Sprache – A Monadic Parser For C#

Recently I had a requirement to parse AMQP error messages. A typical message looks something like this:

The AMQP operation was interrupted: AMQP close-reason, initiated by Peer, 
code=406, text="PRECONDITION_FAILED - parameters for queue 'my.redeclare.queue'
in vhost '/' not equivalent"
, classId=50, methodId=10, cause=

It starts off with the high-level message text ‘The AMQP operation was interrupted’, then a colon, then some comma separated values some of which are key value pairs.

I wanted to parse these into a ‘semantic model’ – an object graph that represents the structure of the error. Now I could have done some pretty nasty string manipulation; looking for the first colon, separating the rest by commas, looking for ‘=’ and separating out the key-value pairs, but the code would have been rather ugly to say the least. I could have used regular expressions, but once again I doubt very much if I would have been able to read the resulting expression if I revisited the code in a couple of weeks time.

Then I remembered Sprache, a little monadic parser by Nicholas Blumhardt that I’d encountered last year when I was writing about Monads. The lovely thing about Sprache is that you write your parser in readable C# code and build the sematic model directly in the parser code. It’s very easy to use and very readable. Nicholas has an excellent step-by-step post here that I’d strongly recommend reading.

I found it on NuGet, but whoever had put it up there had since disappeared.

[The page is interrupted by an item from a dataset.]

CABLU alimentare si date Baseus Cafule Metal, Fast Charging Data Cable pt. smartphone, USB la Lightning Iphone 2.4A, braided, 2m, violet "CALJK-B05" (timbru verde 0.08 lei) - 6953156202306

After contacting Nicholas I decided to adopt it, first moving the source to GitHub and setting up continuous deployment to NuGet via TeamCity.CodeBetter.com.

If you go to the NuGet.org Sprache page, you’ll see that its owners are myself and Nicholas and each push to the GitHub repository results in a new package upload (the last three all done today while I was getting it working ;).

So if you need to do some parsing, give Sprache a try, it’s much easier than writing your own parser from scratch, and unlike regex you can actually read the code after you’ve written it.

You can see my AMQP parser experiment here.

1 comment:

Beltiras said...

The link to your AMQP experiment ends in a 404. Moved or re-moved?